[YOUR INSTRUCTIONS] In the entries below, begin at the line with "Prakruti Resort Vadodara Exterior photo" and stop after the line with "노조처럼 협상권 부여…가맹점주"; output those lines exactly and omit the pictures.

[DATA RECORDS]
╭──
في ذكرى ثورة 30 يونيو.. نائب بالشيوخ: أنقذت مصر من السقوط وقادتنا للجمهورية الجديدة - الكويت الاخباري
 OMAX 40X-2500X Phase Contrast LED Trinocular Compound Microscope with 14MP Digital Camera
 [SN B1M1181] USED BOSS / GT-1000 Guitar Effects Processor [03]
╰──
╭──
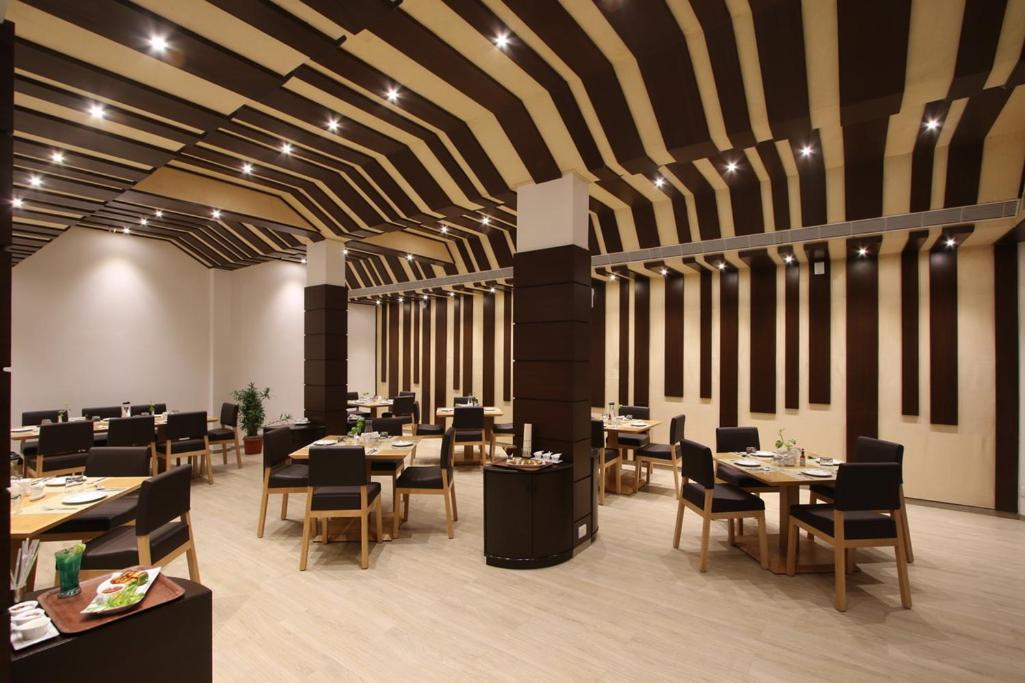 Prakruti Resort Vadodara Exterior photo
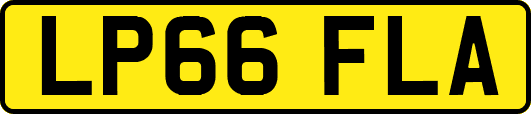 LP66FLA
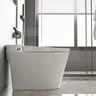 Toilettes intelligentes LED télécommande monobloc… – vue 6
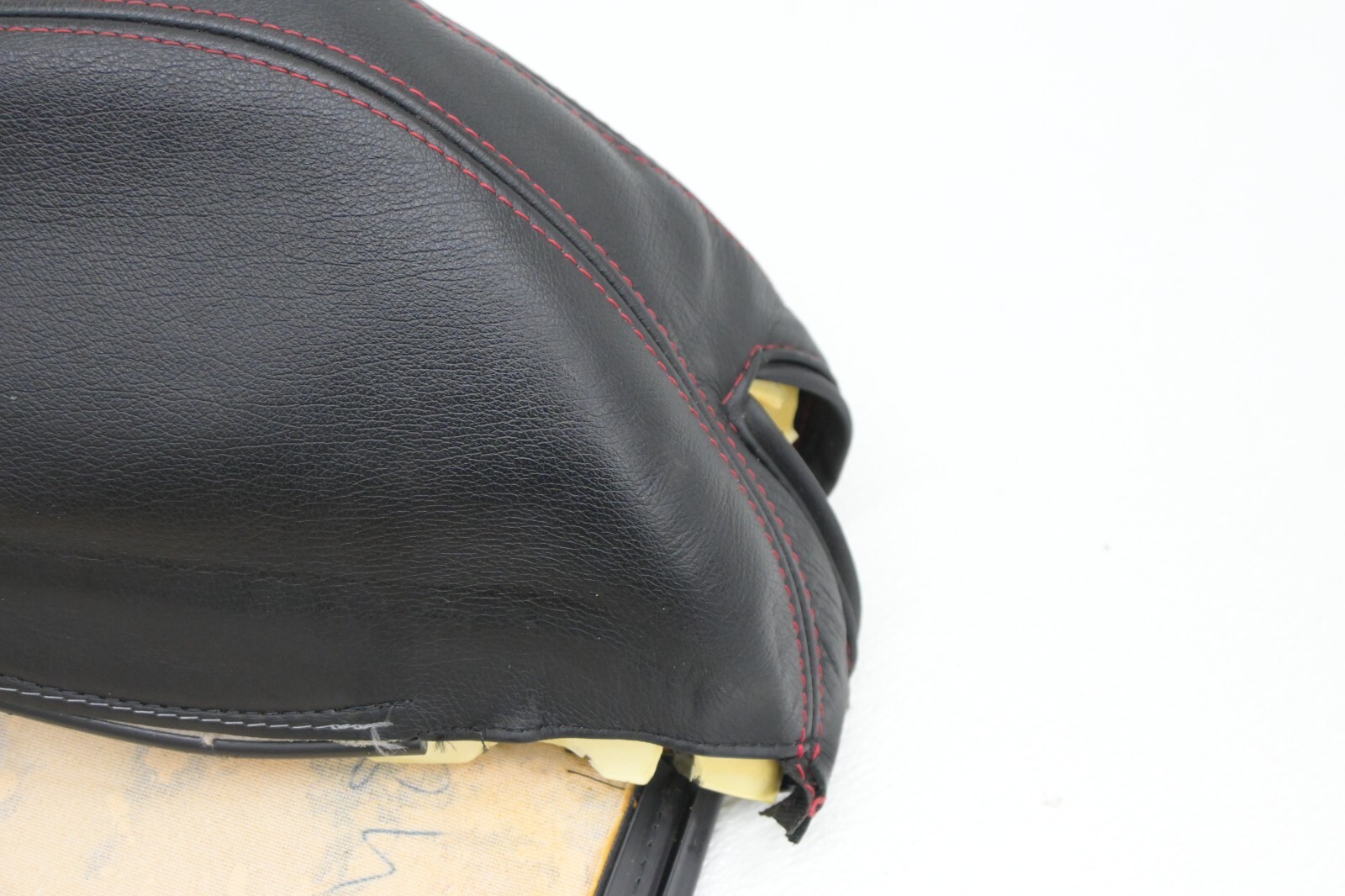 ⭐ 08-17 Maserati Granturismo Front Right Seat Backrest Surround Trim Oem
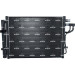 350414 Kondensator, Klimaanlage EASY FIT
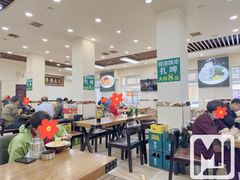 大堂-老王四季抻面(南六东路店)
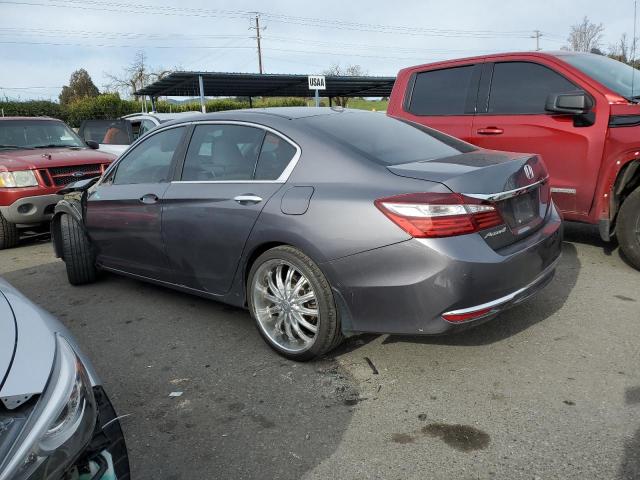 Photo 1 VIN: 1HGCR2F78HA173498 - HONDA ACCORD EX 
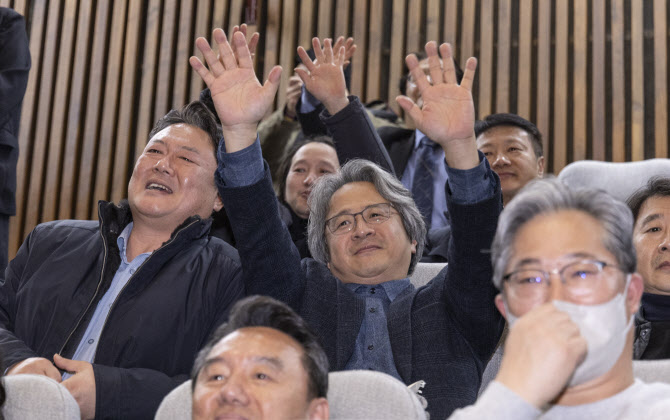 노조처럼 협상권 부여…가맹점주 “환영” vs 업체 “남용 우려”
╰──
[WRITTEN RESPONSE]
 Prakruti Resort Vadodara Exterior photo
 LP66FLA
 Toilettes intelligentes LED télécommande monobloc… – vue 6
 ⭐ 08-17 Maserati Granturismo Front Right Seat Backrest Surround Trim Oem
 350414 Kondensator, Klimaanlage EASY FIT
 大堂-老王四季抻面(南六东路店)
 Photo 1 VIN: 1HGCR2F78HA173498 - HONDA ACCORD EX 
 노조처럼 협상권 부여…가맹점주 “환영” vs 업체 “남용 우려”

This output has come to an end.